Reviewing files that changed from the base of the PR and between 6244fa7 and e684ed1.

📒 Files selected for processing (1)

• core/src/main/java/org/phoenixctms/ctsms/domain/InventoryBookingDaoImpl.java (3 hunks)

🧰 Additional context used

🧬 Code graph analysis (1)

core/src/main/java/org/phoenixctms/ctsms/domain/InventoryBookingDaoImpl.java (1)

core/src/main/java/org/phoenixctms/ctsms/query/CriteriaUtil.java (1)

• CriteriaUtil (57-1148)

⏰ Context from checks skipped due to timeout of 90000ms. You can increase the timeout in your CodeRabbit configuration to a maximum of 15 minutes (900000ms). (1)

• GitHub Check: Build and Test

🔇 Additional comments (2)

core/src/main/java/org/phoenixctms/ctsms/domain/InventoryBookingDaoImpl.java (2)

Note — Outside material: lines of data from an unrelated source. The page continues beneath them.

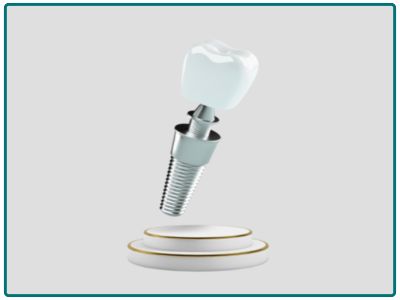 پشتیبانی پس از فروش و تأمین قطعات یدکی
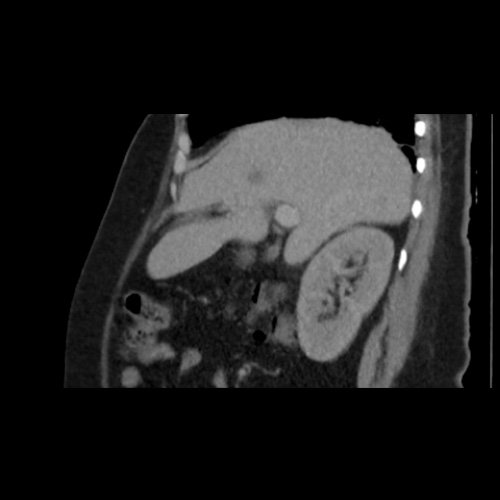 TC de abdomen y pelvis con contraste endovenoso (12/02/2026) Corte sagital: hígado de forma, tamaño y situación habituales, con superficie lisa y bordes agudos.  Imagen hipovascular aislada de 15 mm en segmento V de aspecto inespecífico. 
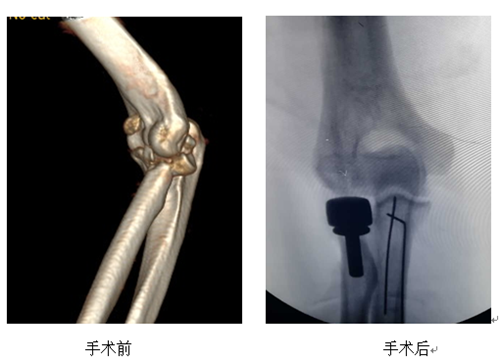 QQ截图20180820161507.png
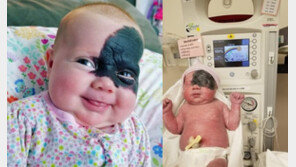 왼쪽 눈 주변 뒤덮은 검은 ‘반점’ 가지고 태어난 여아…“리틀 배트맨”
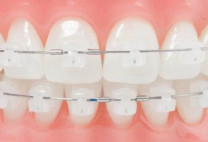 Niềng răng mắc cài sứ và những điều cần tìm hiểu.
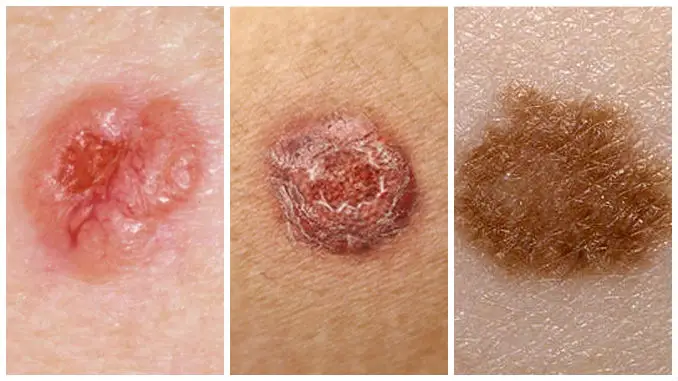 Apariencia del cáncer de piel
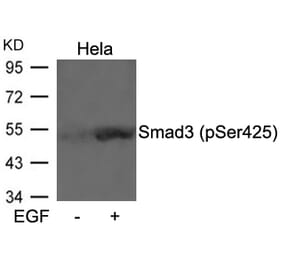Western blot - Smad3 (Phospho-Ser425) Antibody from Signalway Antibody (11325) - Antibodies.com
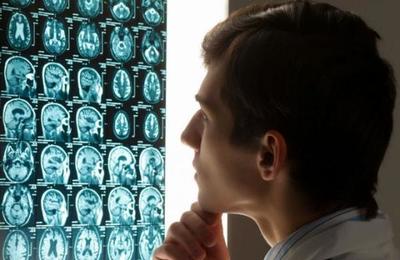 El coronavirus podría envejecer el cerebro en 10 años y disminuir el coeficiente intelectual - SNT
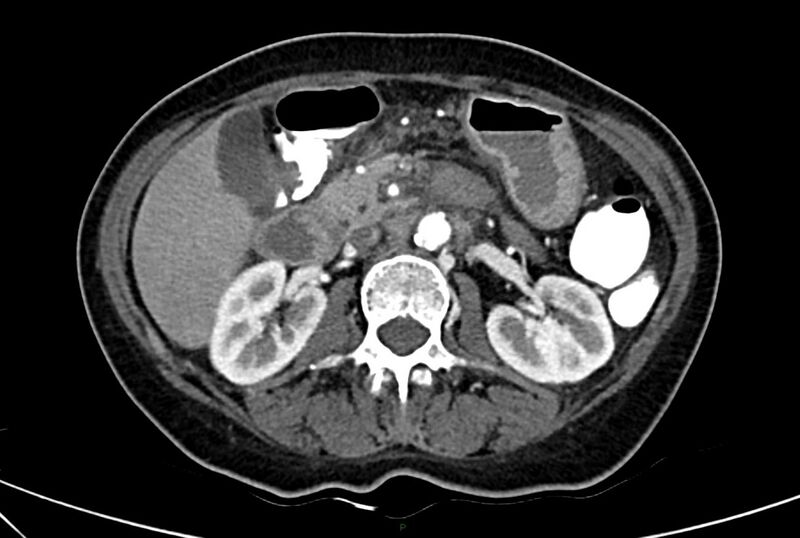 File:Carcinoid mesenteric tumor complicated by chylous ascites (Radiopaedia 76312-88926 A 28).jpg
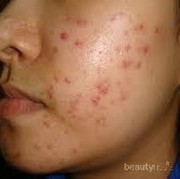 [FORUM] sist, mau nanya skin care yg cocok untuk kulit berminyak & berjerawat apa ya?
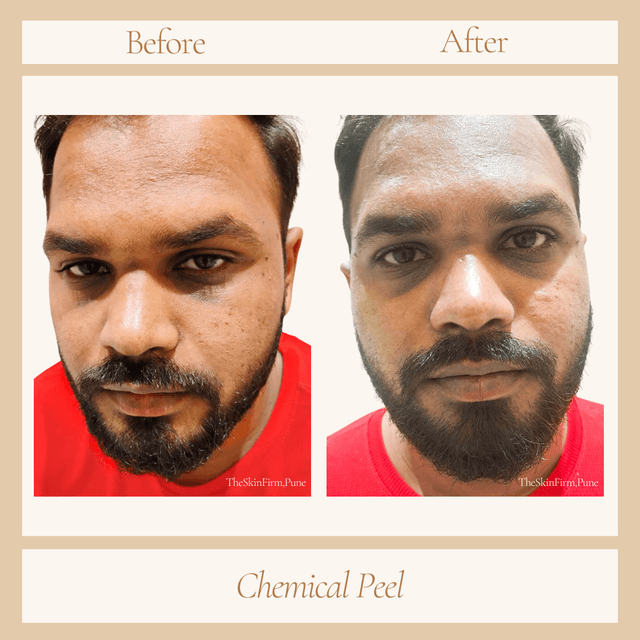 Chemical Peel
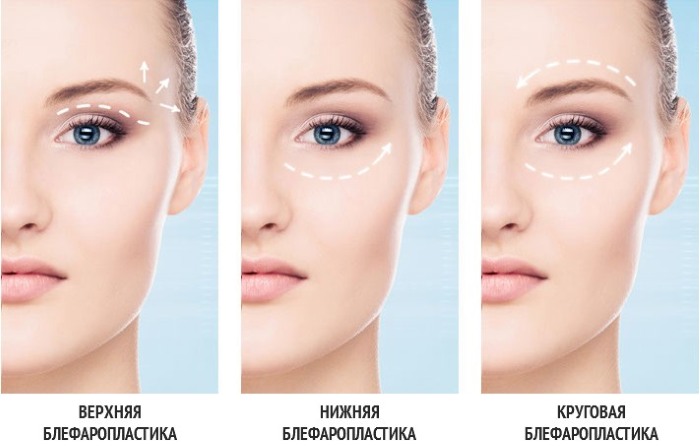 Blepharoplasty - what is it, how it goes, before and after photos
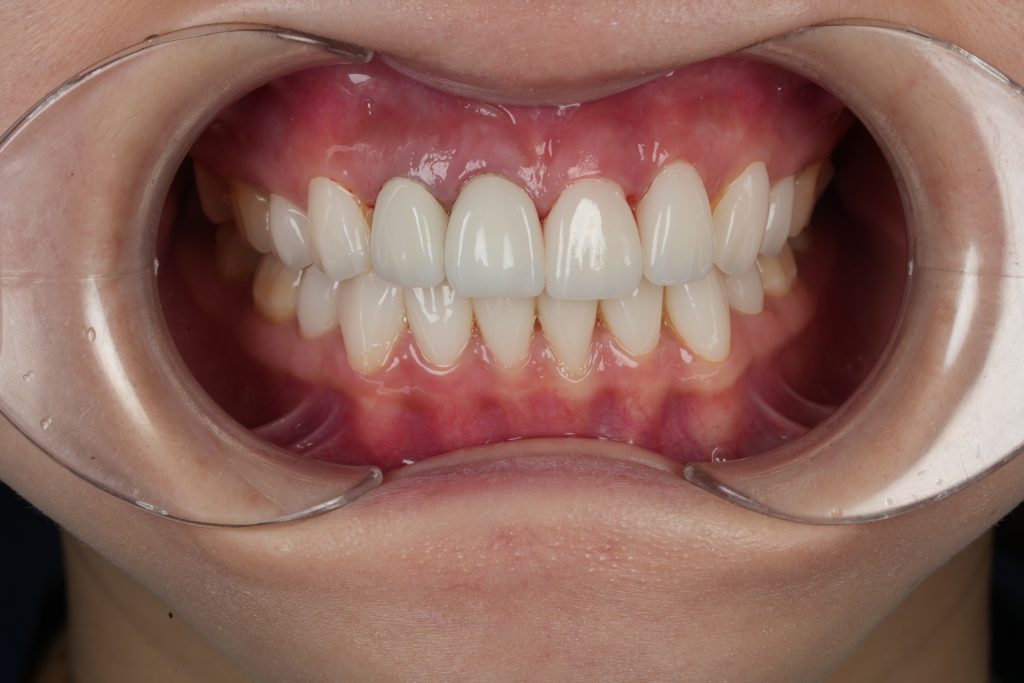 Smile transformation case 2 — after treatment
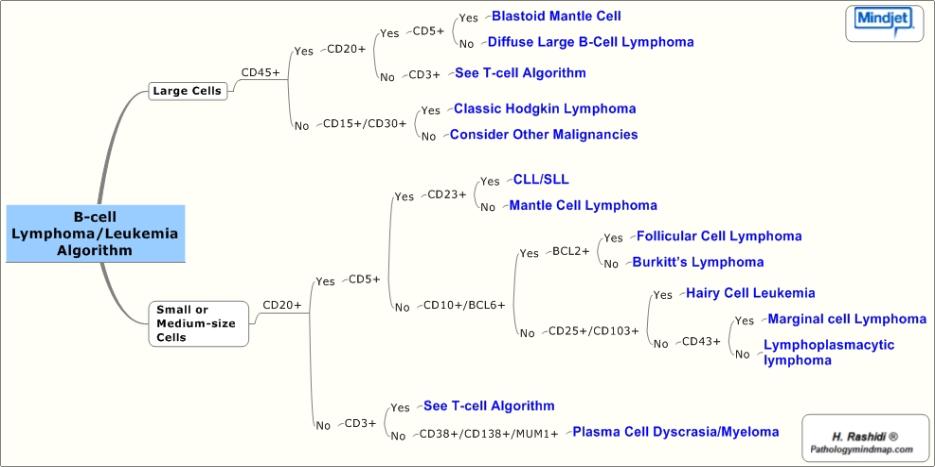 B-cell Lymphomas and Leukemias Immunoprofile Algorithm 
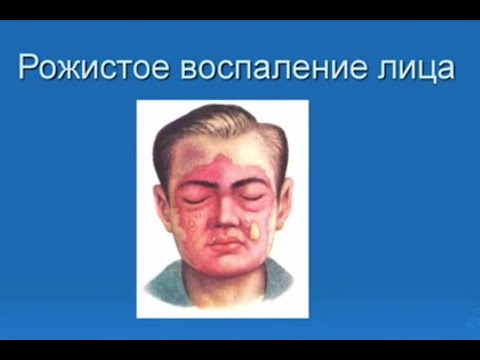 Обучающее видео. Рожистое воспаление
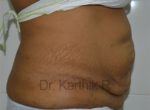 Tummy Tuck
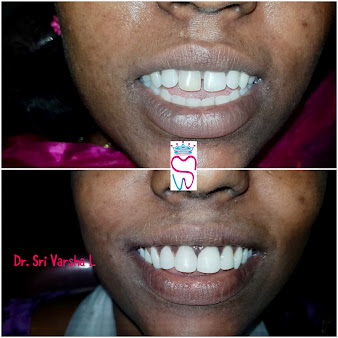 Af1qipon5s5swyl4ln70r34eeznuzx35aqhdpmdrzknd=s338 K No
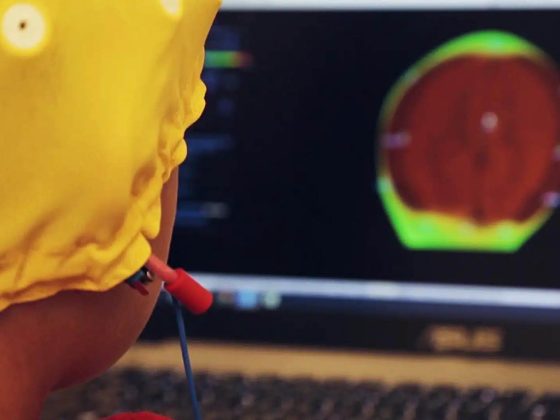 Neurofeedback En Orange County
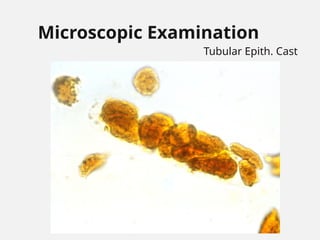 Microscopic Examination
Tubular Epith. Cast
 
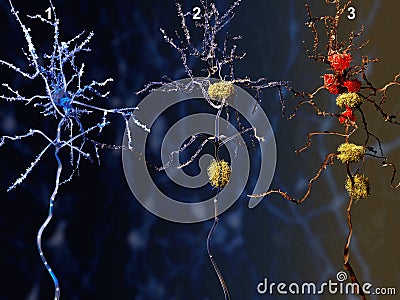 3 phases of the Alzheimer disease Stock Photo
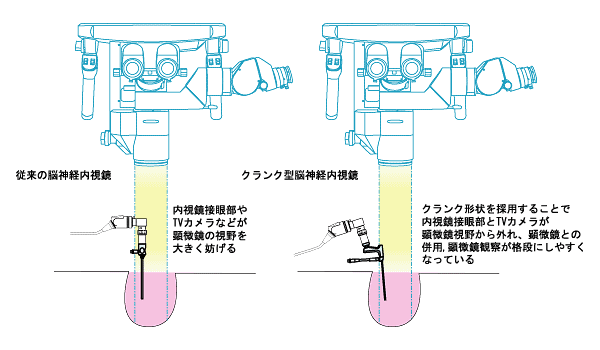 手術用顕微鏡の視野干渉防止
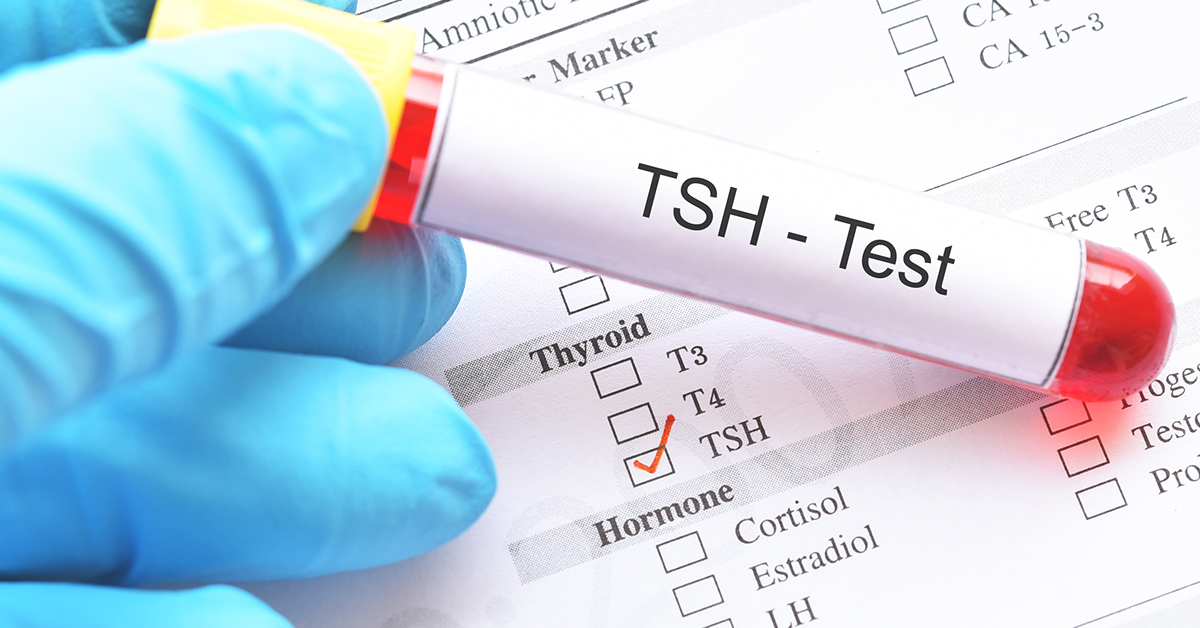 blood test thyroid function test diagnosing thyroid disorder halza digital health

90-97: Identity-based department filters for course/trial look correct

Using CriteriaUtil.applyIdentityLecturerCriterion and CriteriaUtil.applyIdentityTeamMemberCriterion with an OR on (department IS NULL OR department = ?) matches the intent to include both site-based appointments and those linked to the current lecturer/teammember. The null-identity fallback keeps the legacy department-only behavior. This is consistent and safe.

---

183-184: Team-member–aware trial department filtering is consistent with helper semantics

Switching the trial-department branch to CriteriaUtil.applyIdentityTeamMemberCriterion with a department.id restriction cleanly extends the query to include both:

• trials at the given department, and
• trials where the current identity is a team member (when identity is present),

while preserving the original behavior when identity is absent. This aligns with the stated PR objective.